Kitchen 101
March 3, 2026

Kitchen 101: Perfect Scrambled Eggs (Soft, Fluffy Curds)

Chef Ian’s Kitchen 101 method for perfect scrambled eggs: hot pan, proper whisking, cream (not milk), and fast movement for soft, fluffy curds — finished with your favourite relish or balsamic.
Plated fluffy scrambled eggs

Scrambled eggs are one of those “simple” things that expose every shortcut.
Too cool a pan and they go watery. Too much waiting and they go dry.
This is Chef Ian’s method for soft, fluffy curds that melt in your mouth — fast, hot, and served immediately.

Recipe
  • Serves: 1 (or 2 as a lighter serve on toast)
  • Time: 5 minutes
  • Equipment: large mixing bowl, whisk, large pan (more surface area helps), spatula
Ingredients
  • 2 eggs
  • 100ml cooking cream
  • 1 knob butter
  • 1 pinch Olsson’s salt (or your best salt)
  • Fresh cracked black pepper

To serve

  • Toast (ready before you start cooking)
  • Herb sprig (chives, parsley, dill — anything for colour)
  • Finish with Lirah Caramelised Garlic Balsamic or Drunken Sailor Smokey Tomato Relish
Method
  1. Get the toast ready first. Scrambled eggs wait for no one.
  2. Crack 2 eggs into a large bowl and whisk hard until fully combined and a little foamy (this is where fluff happens).
  3. Add 100ml cooking cream and whisk again until smooth and aerated.
  4. Season now: pinch of good salt + a proper grind of pepper.
  5. Put a large pan on full heat.
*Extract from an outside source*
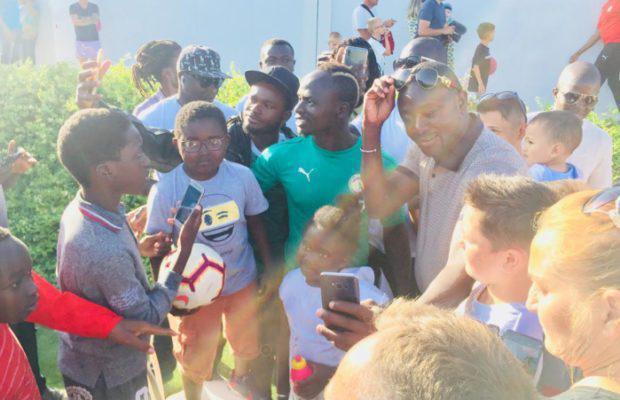 Sadio Mané et la supportrice égyptienne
Add a knob of butter.
  6. When the butter starts to turn au beurre (just beginning to change colour), pour in the egg mix immediately.
  7. Work fast: shake the pan and stir at the same time, keeping the eggs moving across the surface.
  8. Cook until the eggs are just set but still glossy (usually about 1–3 minutes, depending on your pan and heat).
  9. Straight onto toast. Garnish with a herb sprig and finish with either the garlic balsamic or the smoky tomato relish.
Chef tips (Chef Ian secrets)
  • Hot pan is non-negotiable. The fluffier the curd, the more it likes confident heat + movement.
  • Big bowl = more air. Whisking in a larger bowl helps incorporate air and makes lighter eggs.
  • Cream, not milk. Milk can split and weigh the mix down; cream stays richer and smoother.
  • Season early. Salt and pepper go in before cooking so the whole curd tastes seasoned, not just the top.
  • Stop before it looks “done.” Eggs keep cooking from residual heat — pull them while they’re still soft and glossy.
Plating and serving notes
  • Have your toast plated and ready, then drop the eggs straight on.
  • A tiny herb garnish makes it look finished (even on a Tuesday).
  • Lirah Caramelised Garlic Balsamic = savoury-sweet lift.
  • Drunken Sailor Smokey Tomato Relish = brunch vibes, no café required.
Optional variations
  • Cheesy: fold through grated cheddar or parmesan in the last 10 seconds.
  • Herby: whisk in chopped chives or dill at the end.
  • Big breakfast: add sautéed mushrooms or crispy bacon on the toast first, eggs on top.
Skill focus

Aeration + heat control + speed.
Whisk properly, commit to the heat, and keep the eggs moving — that’s the whole game.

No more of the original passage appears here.